### Records for this task ###

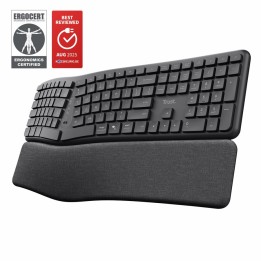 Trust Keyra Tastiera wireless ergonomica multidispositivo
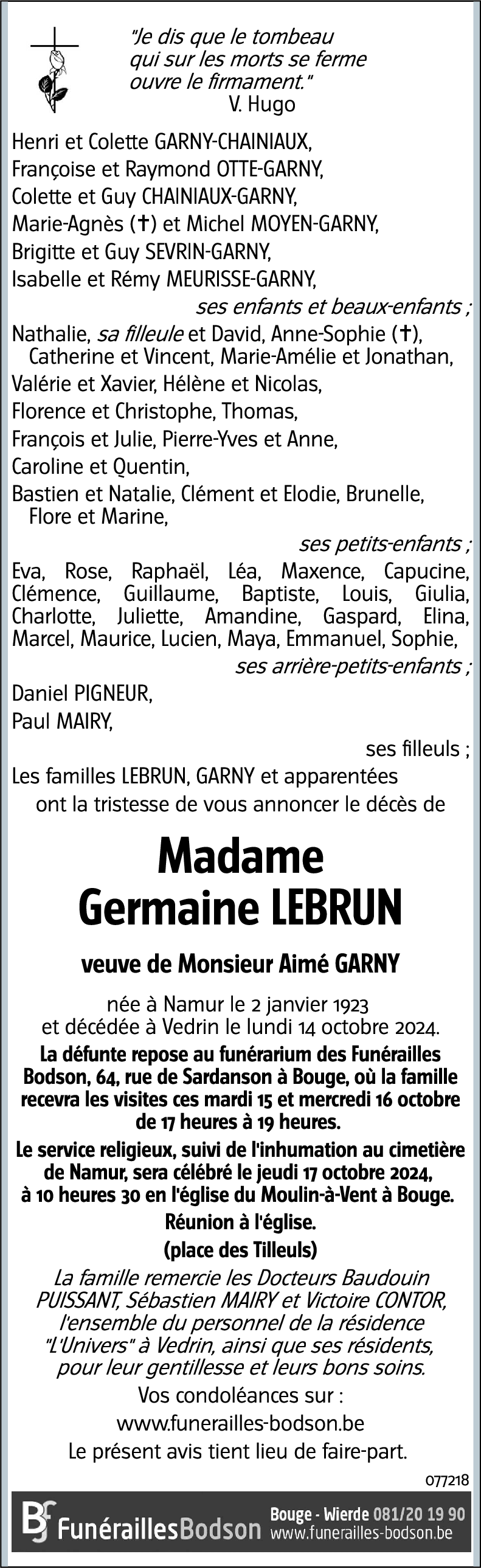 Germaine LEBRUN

###
### Records for this task ###

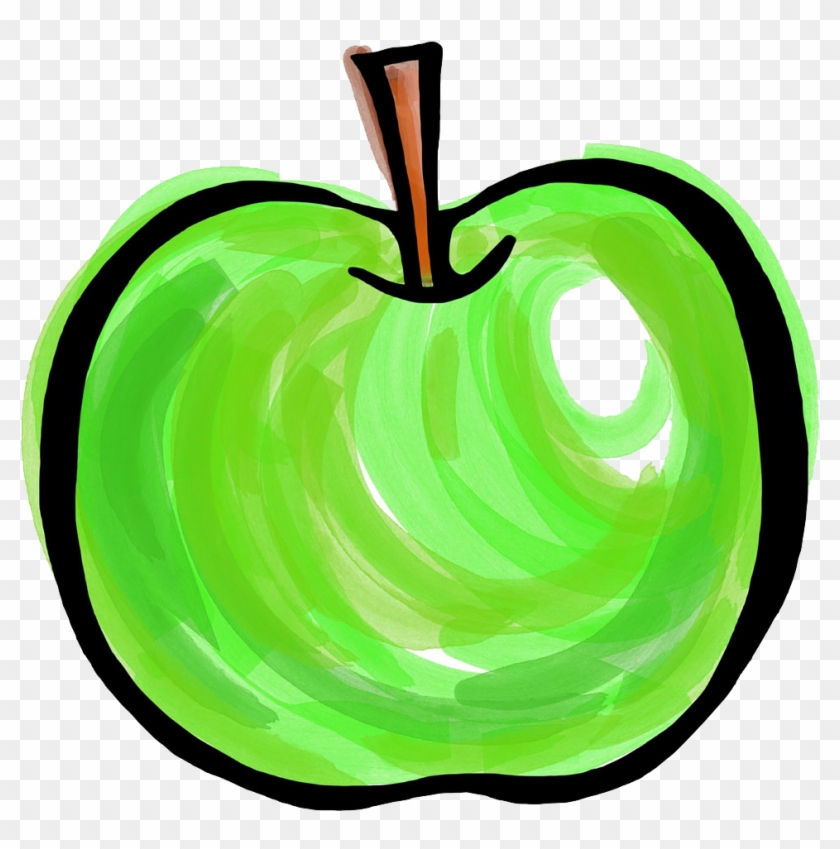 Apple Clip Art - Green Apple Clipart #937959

###

### Directions
Exact copy, no pictures. Write out the lines in the entries above, starting with the line with "Trust Keyra Tastiera" and going on through the line with "Germaine LEBRUN", keeping both.

### Written response
 Trust Keyra Tastiera wireless ergonomica multidispositivo
 Germaine LEBRUN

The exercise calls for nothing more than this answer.